§ **Work to be completed**
Search the entries for lines that contain the word "Glass", and report each one found.

§ **Data for analysis**

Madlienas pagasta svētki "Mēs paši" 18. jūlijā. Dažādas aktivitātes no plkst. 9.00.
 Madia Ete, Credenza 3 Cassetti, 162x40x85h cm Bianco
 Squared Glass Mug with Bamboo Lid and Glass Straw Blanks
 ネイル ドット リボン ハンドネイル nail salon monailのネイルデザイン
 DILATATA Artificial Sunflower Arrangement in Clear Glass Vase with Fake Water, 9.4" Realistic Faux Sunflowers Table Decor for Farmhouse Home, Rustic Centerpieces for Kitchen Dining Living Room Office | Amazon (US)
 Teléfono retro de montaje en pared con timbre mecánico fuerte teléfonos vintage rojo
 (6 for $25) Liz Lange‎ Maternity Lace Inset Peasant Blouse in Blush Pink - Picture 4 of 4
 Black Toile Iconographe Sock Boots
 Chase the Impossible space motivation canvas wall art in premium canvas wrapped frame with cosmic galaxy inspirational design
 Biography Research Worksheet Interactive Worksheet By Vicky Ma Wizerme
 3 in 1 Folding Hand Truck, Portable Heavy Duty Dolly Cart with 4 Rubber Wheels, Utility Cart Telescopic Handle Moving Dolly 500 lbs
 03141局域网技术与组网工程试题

§ **Finished exercise**
 Squared Glass Mug with Bamboo Lid and Glass Straw Blanks
 DILATATA Artificial Sunflower Arrangement in Clear Glass Vase with Fake Water, 9.4" Realistic Faux Sunflowers Table Decor for Farmhouse Home, Rustic Centerpieces for Kitchen Dining Living Room Office | Amazon (US)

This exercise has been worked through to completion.